The Idle Historian recently pointed me to a great BBC series on the lives of domestic servants in Britain in the 19th and 20th centuries. The three-part documentary is meant to “dispel the nostalgia and fantasies that we have around domestic service.” It is delivered with real passion by Essex University historian Pamela Cox, whose great-grandmothers were in service. With the popularity of shows like Downton Abbey and the new (and even more romanticized) Upstairs Downstairs, this is a good time to remember that life for domestic servants was extremely harsh and often cruel, with few rewards and none of the rights that other workers had (such as they were), not even the right to be addressed by their own name. It amounted to little less than slavery, with a touch of apartheid thrown in for good measure.
Servants were generally considered to be sub-human and disposable, which conveniently justified their extremely low wages and poor living conditions. Servants who were too sick or old to work (or had gotten pregnant, by whatever means) were simply turned out into the street. As Britain industrialized and other forms of work became available, workers (especially men) left domestic service in droves, causing the remaining servants to be squeezed even harder to make up the deficit. Attempts were made to force women into domestic service by denying them unemployment insurance. Employers lamented the “work shy” “servant class,” as though they were put on Earth solely to serve and were being perverse in refusing to do so. As education and employment opportunities improved, workers voted with their feet and servants became a thing of the past for all but the very wealthy, and even they had to grudgingly capitulate to the demands of the increasingly scarce domestic labour supply.

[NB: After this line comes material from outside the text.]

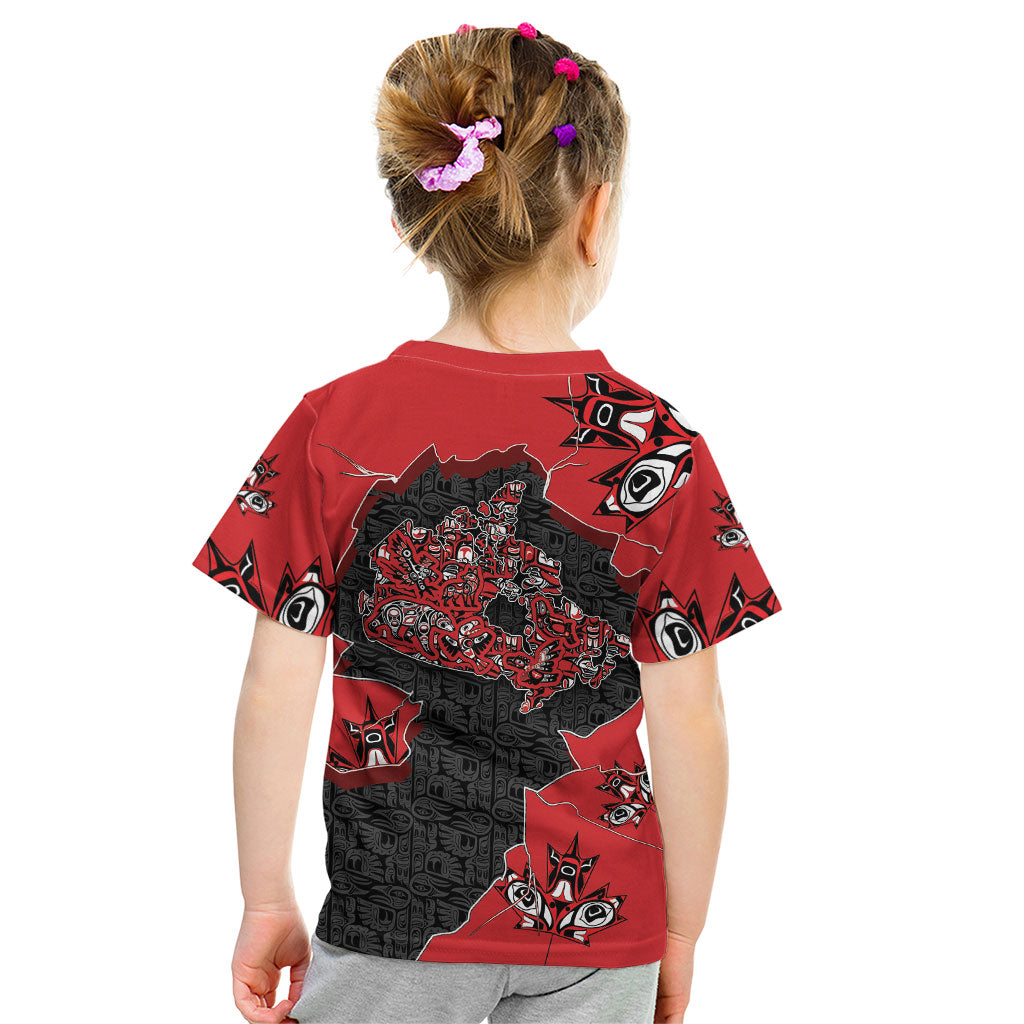 Canada National Indigenous Peoples Day Kid T Shirt Red Map Haida Totem Patterns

Lest we think this is all in the past and we know better now, the same thing is happening today. Employers in various industries complain that they cannot find willing workers and so they must import workers from abroad. The reality is that the jobs in question are too low-paid and unpleasant or dangerous to attract workers who have other options. However the experience in Britain shows that employers will never admit this. They will blame the “lazy” workers and do nothing to make the jobs more attractive and humane.
Indeed the British did also import domestic servants, including Jews fleeing Naziism who were forced into service no matter what their profession had been previously. This continues today with nannies brought in from the Philippines and elsewhere, some of whom are highly educated, and some of whom encounter conditions as harsh and abusive as their Victorian predecessors. These jobs were and are so bad that only the desperate will take them. What does that say about our society? Are we really classless when we have one standard for “skilled” workers and another for domestic or agricultural workers, or more to the point, one standard for ourselves and another for foreigners? What does it mean when we take advantage of poverty to lower wages and increase hours, either at home or abroad? Do we really believe in the inherent worth and equality of all human beings or only when it doesn’t cost us anything? Documentaries like this are not just a fascinating glimpse of the past but a mirror for the present and we would do well to look.